Alcuino miró a Theresa con gesto de preocupación. Asintió con gesto serio y la joven se agachó para auxiliarle. Cuando terminaron con los heridos, Theresa se retiró a un rincón para rezar por los muertos. Hóos se acercó a Alcuino con un trozo de pan en la mano.
– Tomad, comed un poco -le ofreció.
– No tengo hambre. Gracias.
– Alcuino, por el amor de Dios. Vos mismo lo visteis. El barco ya navegaba y esos infelices estaban atrapados. No se podía hacer otra cosa.
– Tal vez no hubierais opinado lo mismo de haber sido vos el atrapado -respondió con ira.
– No os obcequéis. Puede que yo no sea la clase de persona con quien compartir una tarde de poesía, pero os he salvado la vida.
Alcuino asintió con la cabeza y se retiró irritado.
Nada más amanecer, uno de los remeros se descolgó por la proa para evaluar los daños. Al cabo de un rato subió mal encarado.
– El casco está destrozado -informó mientras le secaban-. Dudo que aquí podamos repararlo.

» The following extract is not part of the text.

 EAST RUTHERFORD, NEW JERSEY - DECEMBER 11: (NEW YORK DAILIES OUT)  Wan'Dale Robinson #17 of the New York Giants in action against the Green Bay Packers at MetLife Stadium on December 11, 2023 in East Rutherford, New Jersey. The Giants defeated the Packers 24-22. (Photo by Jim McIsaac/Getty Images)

Izam meneó la cabeza. Podría atracar en la orilla para abastecerse de madera, pero era un riesgo innecesario.
– Proseguiremos mientras el barco aguante.

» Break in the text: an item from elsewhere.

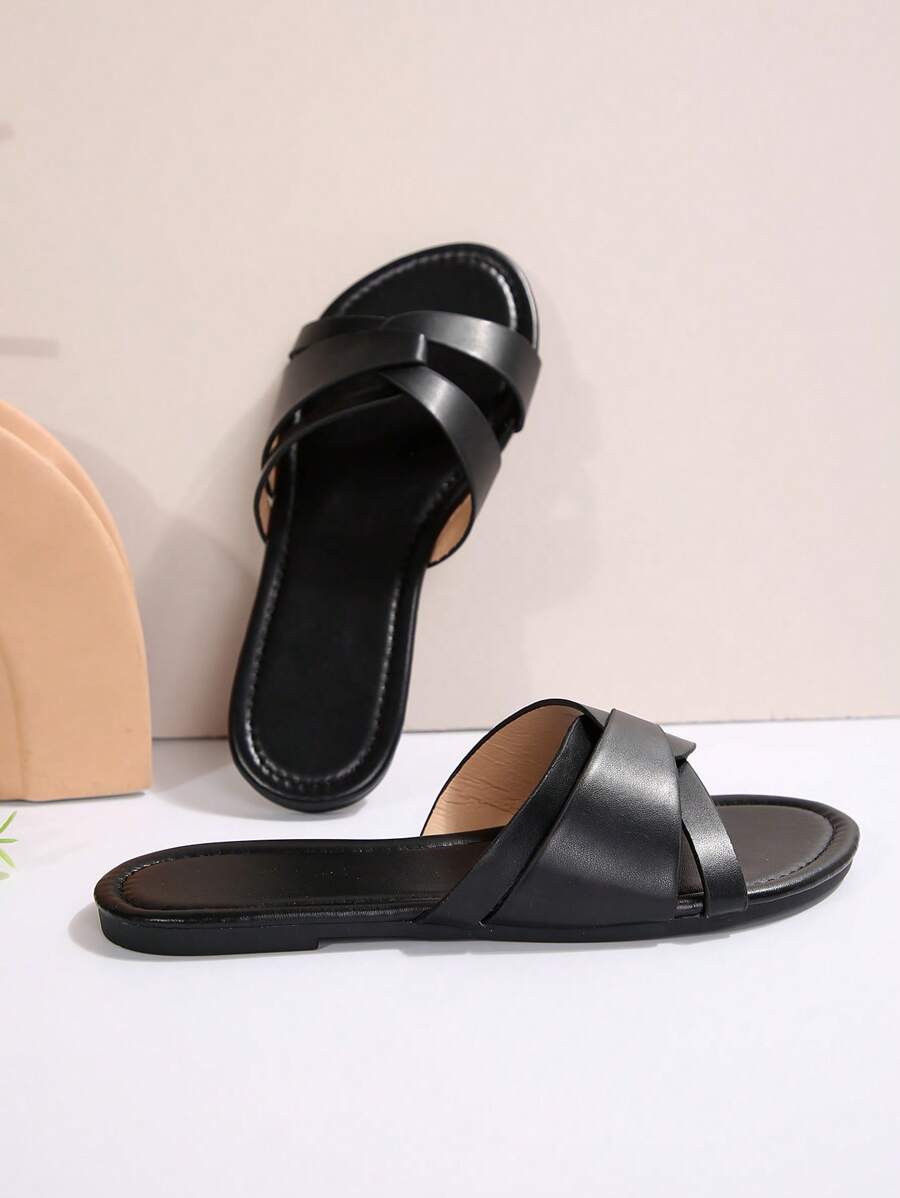 حذاء كعب منخفض للنساء بطراز فني فراغي Shein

Alcuino se despabiló con el chapotear de los remos. A su lado dormitaban Flavio, medio cubierto con una manta, y Theresa, acurrucada junto a la talega de su padre. Alcuino decidió despertarlos para evitar que se congelaran. Mientras Flavio se despejaba, la muchacha preparó un poco de vino y una rebanada de pan de centeno.

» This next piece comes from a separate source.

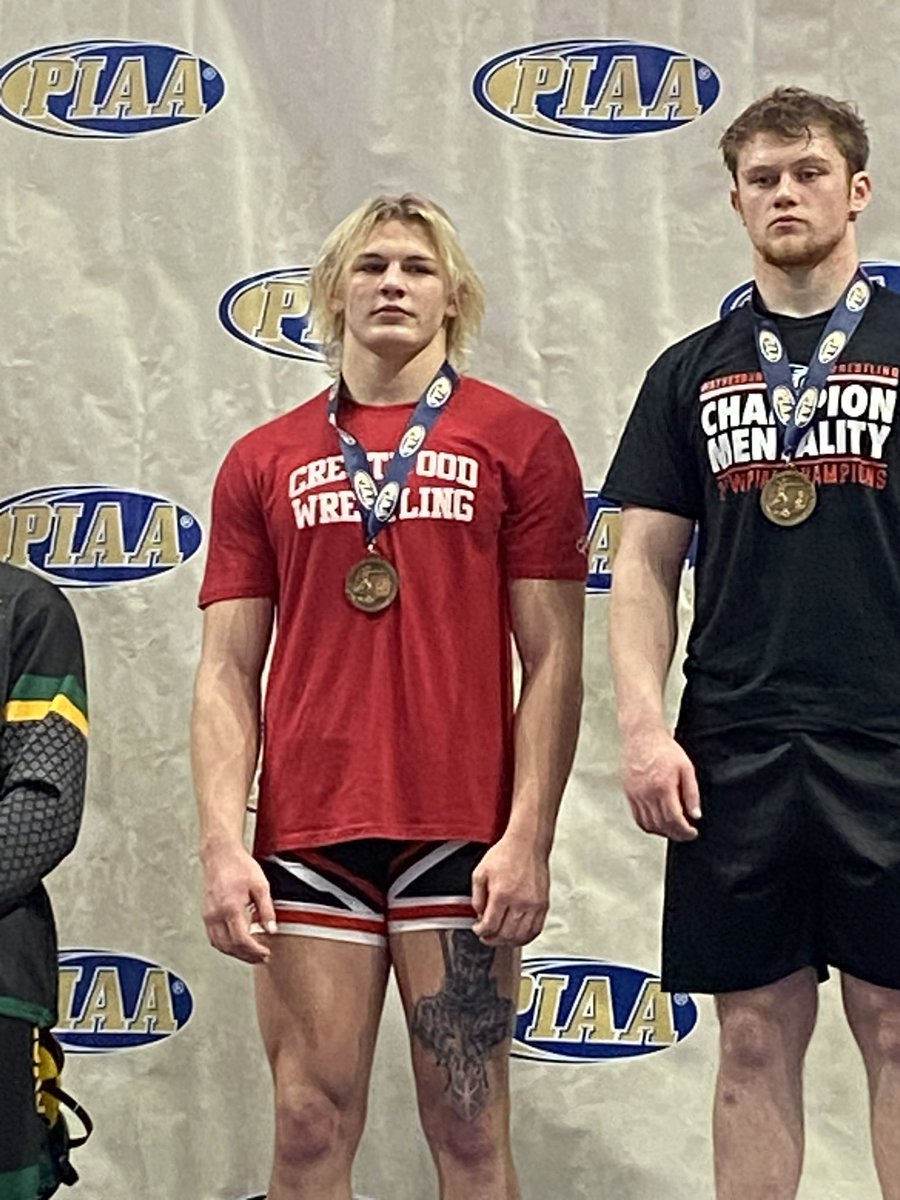 What a great weekend in Hershey for our Crestwood Wrestlers @BiblaLincoln & @BiblaMagnus! Lincoln won his first state match as a sophomore and Magnus took 6th in the state at 215lbs! Very proud of both of you! Absolutely tremendous accomplishments by you both! Go CCCOMETS! 🏆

– Han racionado los víveres -informó la joven-. Parece que durante el ataque se perdieron los alimentos.
– Me duele la pierna -se lamentó Flavio.
Alcuino le levantó la sotana. Por fortuna, el romano era un hombre grueso y la flecha se había alojado casi por entero en la grasa.
– Haríamos bien en arrancarla.
– ¿La pierna? -preguntó asustado.
– No, por Dios; la flecha.
– Mejor aguardemos a llegar a Würzburg.
– De acuerdo, pues. Probad mientras este queso.
Flavio mordió la porción. De repente Alcuino agarró la flecha y la extrajo de un tirón. El grito de Flavio resonó en las montañas. Alcuino vertió un poco de vino sobre la herida y la cubrió con unas vendas que tenía preparadas.
– Maldito aprendiz de cirujano…
– Esa herida podría haberse complicado -alegó con serenidad-. Ahora incorporaos e intentad caminar un poco.
Flavio obedeció a regañadientes, pero al poco deambulaba torpemente entre su equipaje, arrastrando los pies como si se los hubiesen encadenado. Observó que una vía de agua humedecía la cubierta junto a un arcón de su propiedad que ya se veía empapado. Gritó como una mujerzuela y, con la ayuda de Alcuino, trasladaron el arcón a un lugar más elevado.
– A juzgar por vuestro rostro, debe de contener algo importante -observó Alcuino palmeando el arcón.